The Iberian Peninsula in the 3rd century BC.

The Pellendones, also designated Pelendones Celtiberorum and Cerindones, were an ancient pre-Roman Celtiberian people living on the Iberian Peninsula. From the early 4th century BC they inhabited the region near the source of the river Duero in what today is north-central Spain, an area comprising the north of Soria, the southeast of Burgos and the southwest of La Rioja provinces.

==Origins==
Possibly of mixed Illyrian and Celtic origin, the Pellendones migrated to the Iberian Peninsula around the 4th Century BC. Their original native name might have been *Kellendones, and is possible that they were related to the Gallic Belendi or Pelendi of the middle Sigmatis (today's Leyre) river valley (approximately today's Belin-Béliet territory) in Gallia (Gaul).
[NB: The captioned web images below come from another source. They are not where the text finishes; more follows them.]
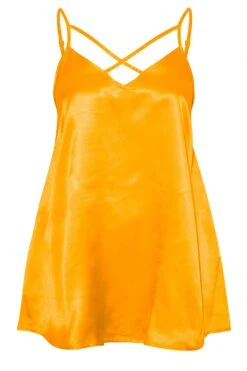 LIMITED COLLECTION Curve Bright Yellow Satin Cami Top -Saga Dresses Shop c9ebc14d ffa0 4e 214571 F
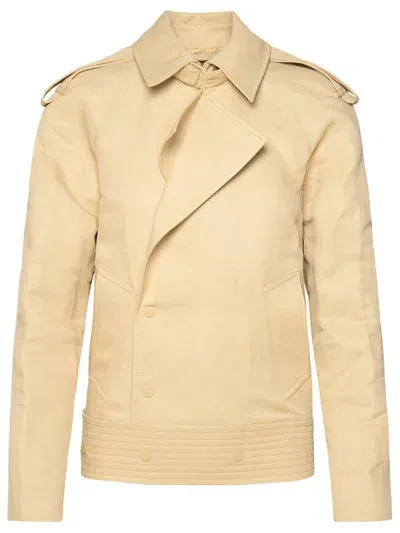 Burberry Double Breasted Trench Jacket In Beige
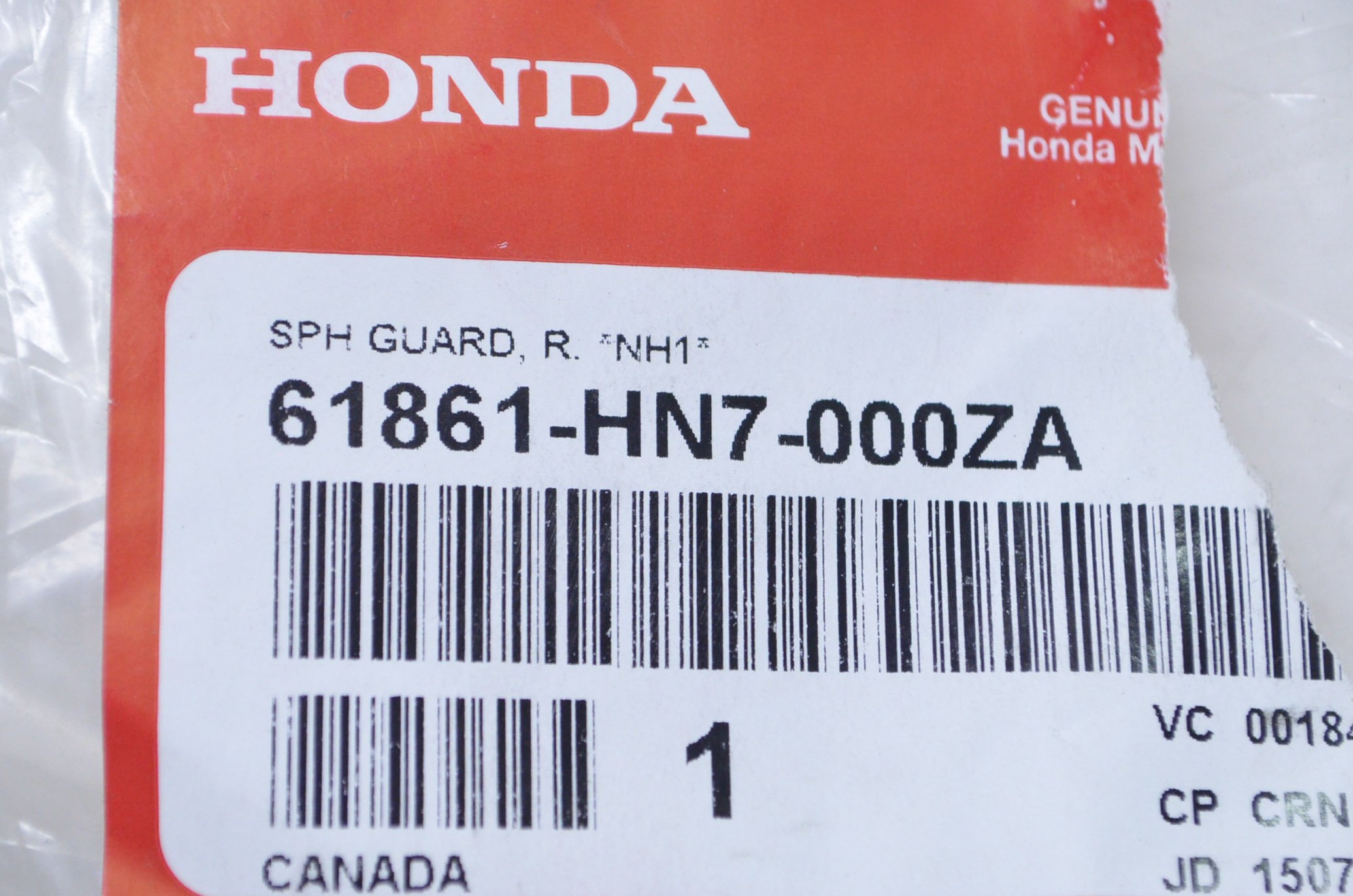 Vehicle Splash Guard HONDA 61861-HM7-000ZB Splash Guard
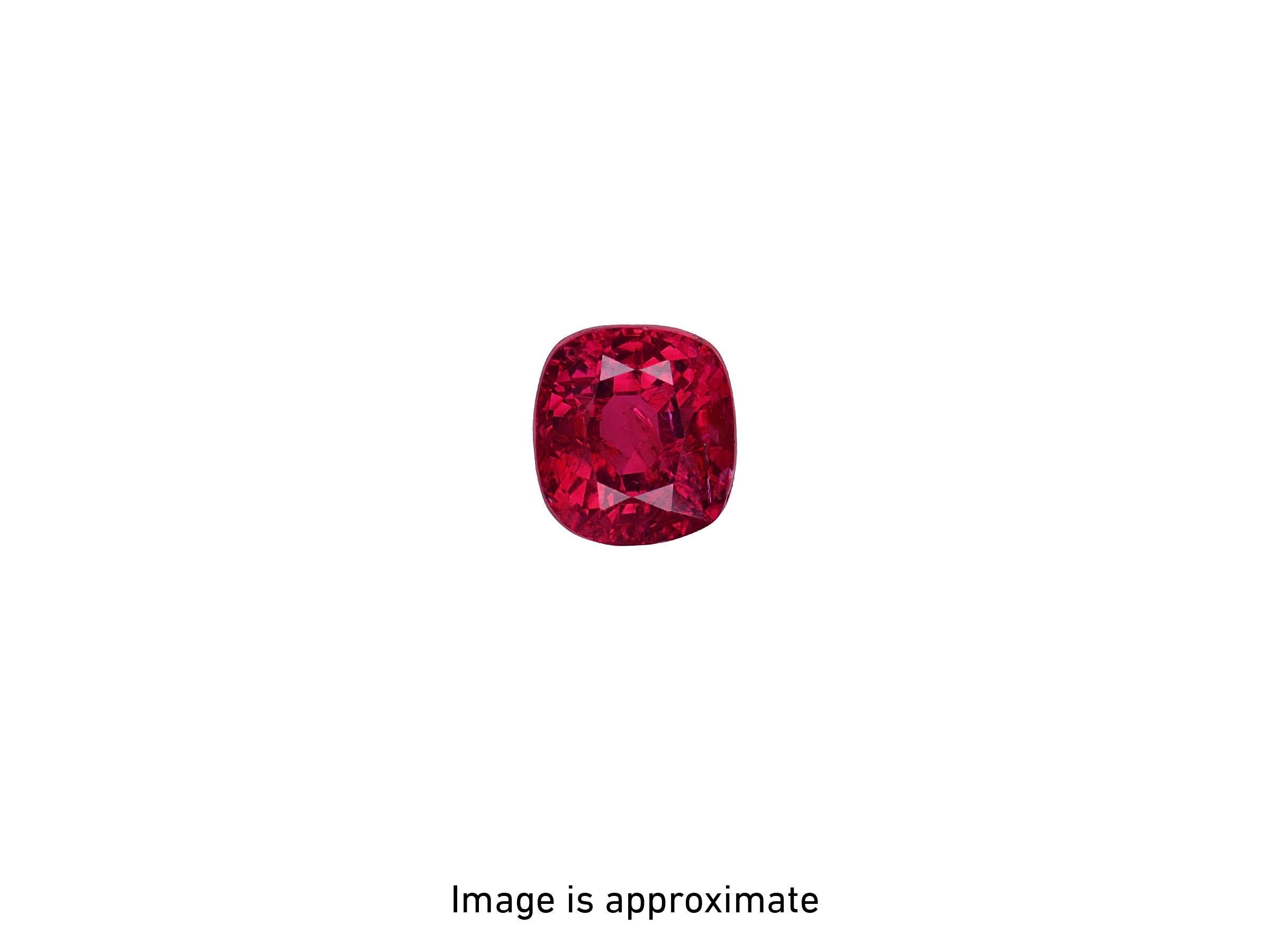 Cushion Cut GIA certified 2.11ct untreated, cushion-cut Mozambique ruby ring. For Sale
They spoke a 'Q-Celtic' language.

==Culture==
A predominantly stock-raising people that practiced transhumance in the grazing lowlands of the Ebro valley, the Pellendones are attributed to the Iron Age "Culture of the Soria hillforts" (Cultura de los castros sorianos) that flourished between the 6th and 4th centuries BC in the north of present-day Soria province.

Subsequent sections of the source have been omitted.